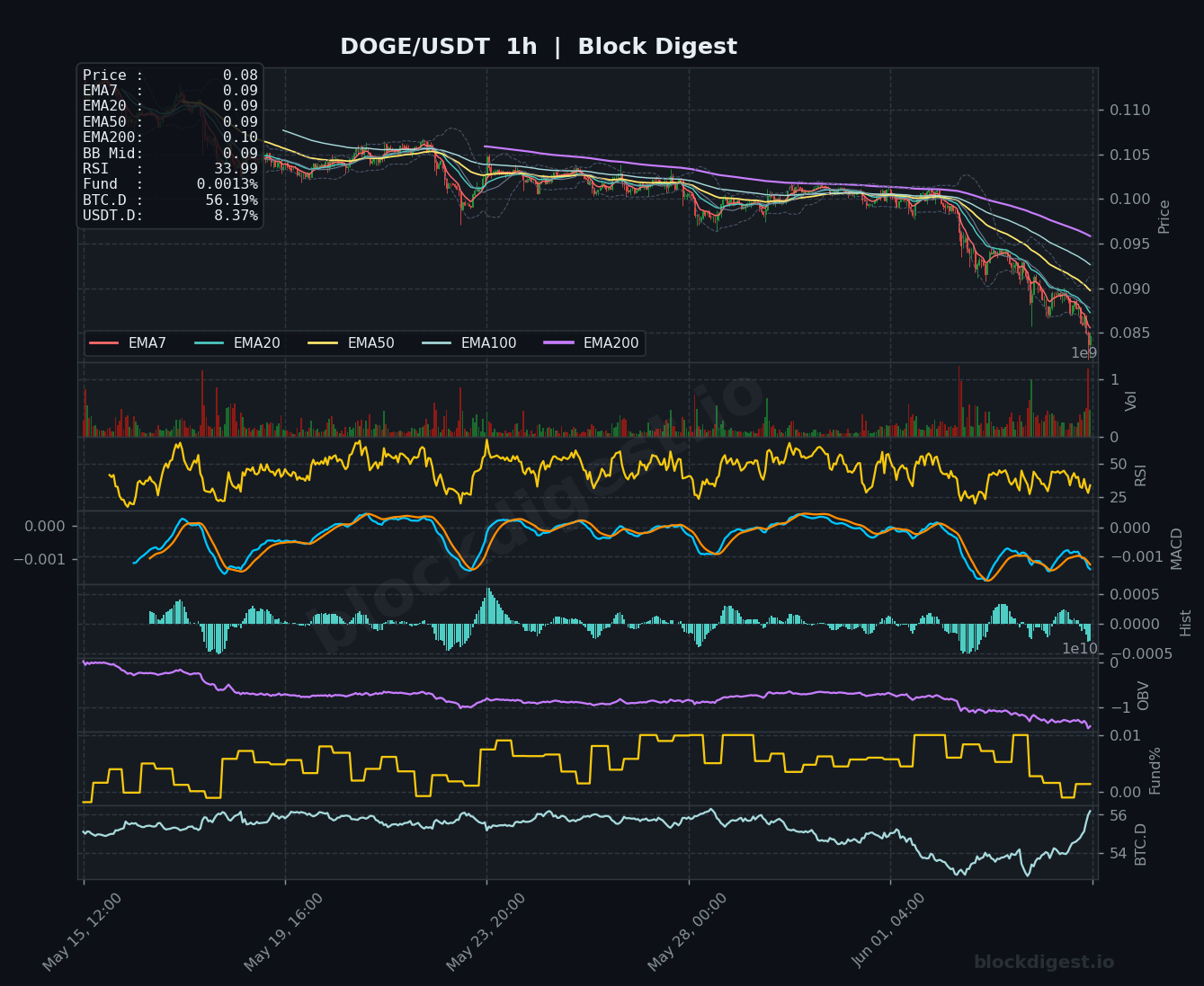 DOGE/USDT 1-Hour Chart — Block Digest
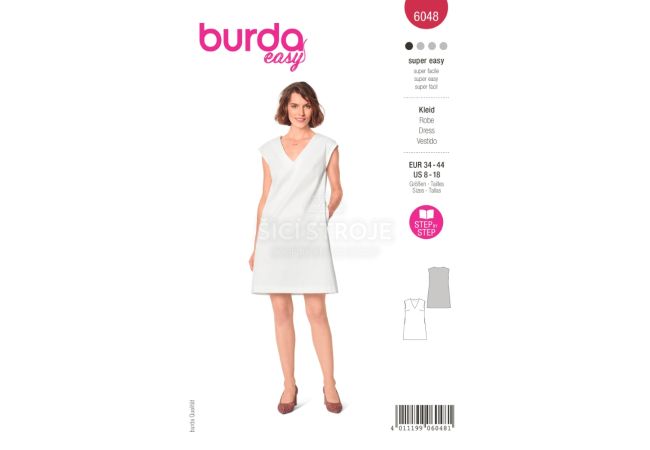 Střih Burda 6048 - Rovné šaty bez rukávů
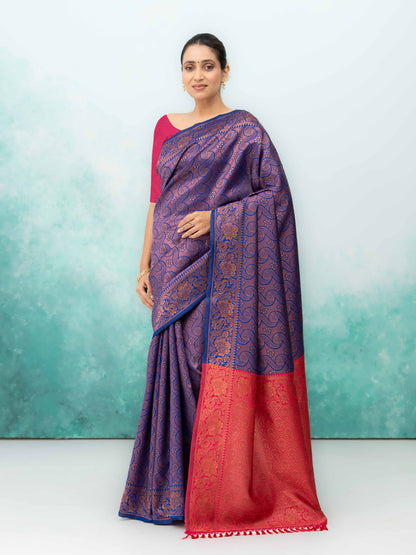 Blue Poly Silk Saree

• [Work to be completed]
Reproduce the data above word for word and omit the images.

• [Finished task]
 DOGE/USDT 1-Hour Chart — Block Digest
 Střih Burda 6048 - Rovné šaty bez rukávů
 Blue Poly Silk Saree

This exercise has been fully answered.